▸ **Data segment**:
··········

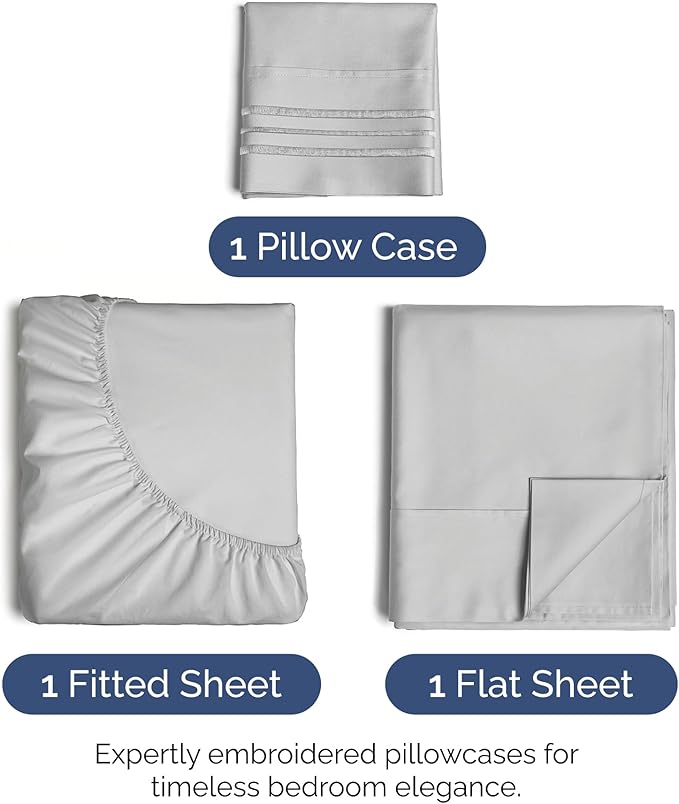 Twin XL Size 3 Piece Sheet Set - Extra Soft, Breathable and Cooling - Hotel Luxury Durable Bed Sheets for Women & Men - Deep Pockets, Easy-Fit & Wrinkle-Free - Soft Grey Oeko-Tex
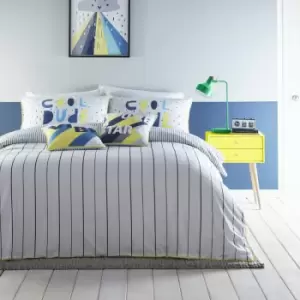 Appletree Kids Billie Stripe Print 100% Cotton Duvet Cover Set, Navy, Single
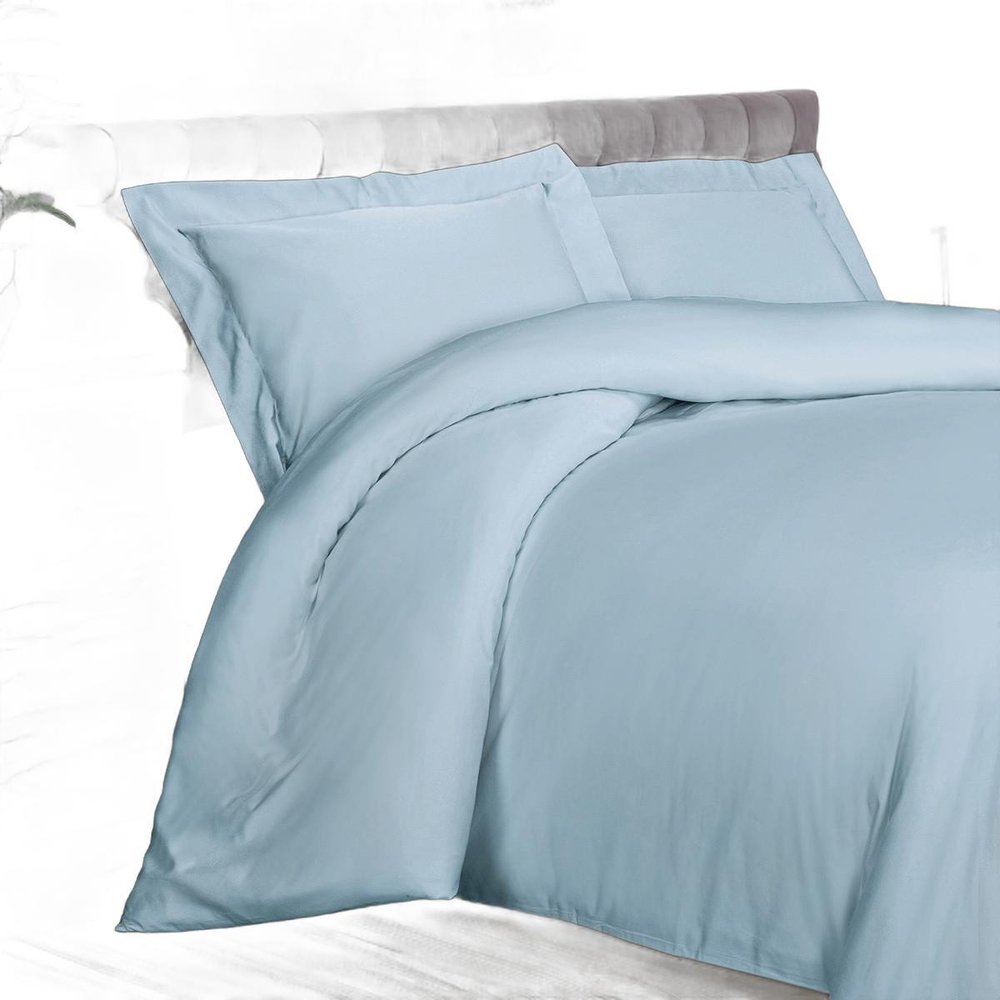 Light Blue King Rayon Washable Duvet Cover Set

··········

The expected response is every line of the material, written out exactly, with the images removed.

▸ **Response below**:
 Twin XL Size 3 Piece Sheet Set - Extra Soft, Breathable and Cooling - Hotel Luxury Durable Bed Sheets for Women & Men - Deep Pockets, Easy-Fit & Wrinkle-Free - Soft Grey Oeko-Tex
 Appletree Kids Billie Stripe Print 100% Cotton Duvet Cover Set, Navy, Single
 Light Blue King Rayon Washable Duvet Cover Set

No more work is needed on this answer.